● **What is being asked**
Your answer must be the lines from the one containing "犬 ステッカー 柴犬 覗き込む犬 かわいい 動物 アニマル シール カー" through the last line below, copied exactly, with no pictures.

(Image-caption web data)
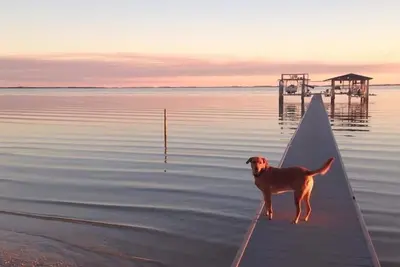 Image de Escape to Gulf Beach Getaway! (Pet friendly)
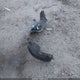 5XYKT4A19BG033462 2011 Kia Sorento Lx auction photo thumbnail 12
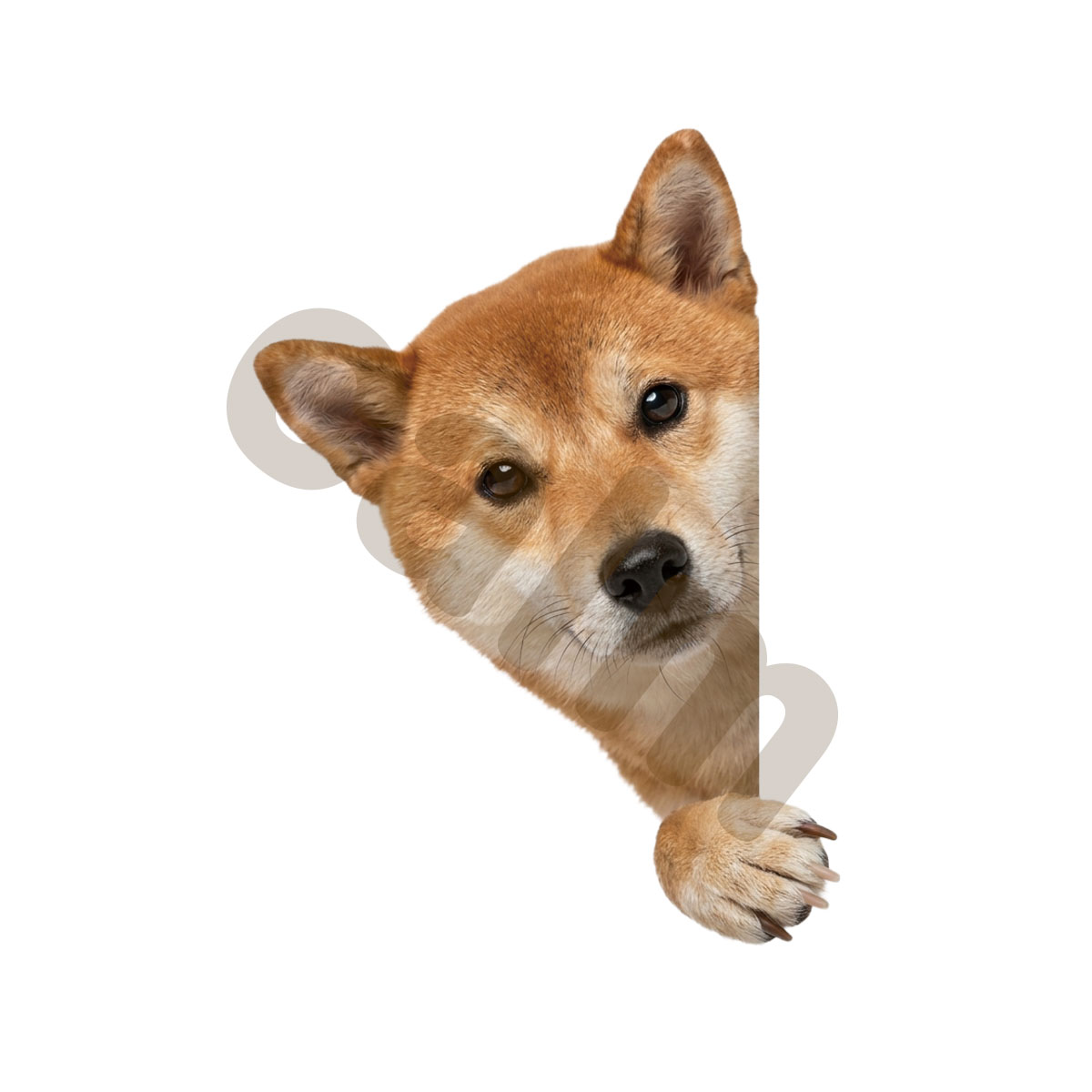 犬 ステッカー 柴犬 覗き込む犬 かわいい 動物 アニマル シール カー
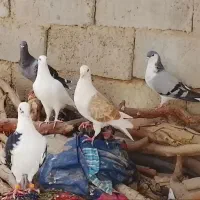 کبوتر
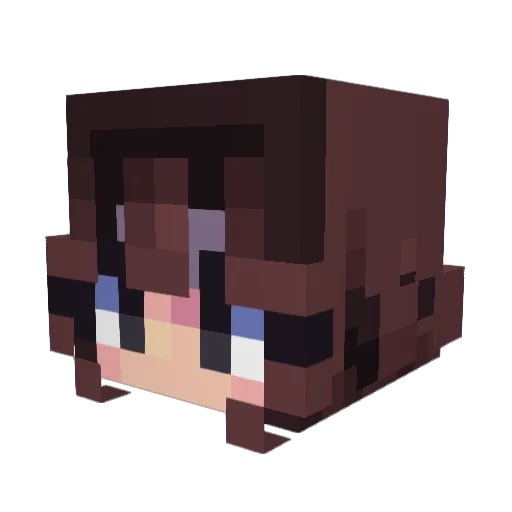 heyitsaustin07 Minecraft avatar head, 3D render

● **Your solution**
 犬 ステッカー 柴犬 覗き込む犬 かわいい 動物 アニマル シール カー
 کبوتر
 heyitsaustin07 Minecraft avatar head, 3D render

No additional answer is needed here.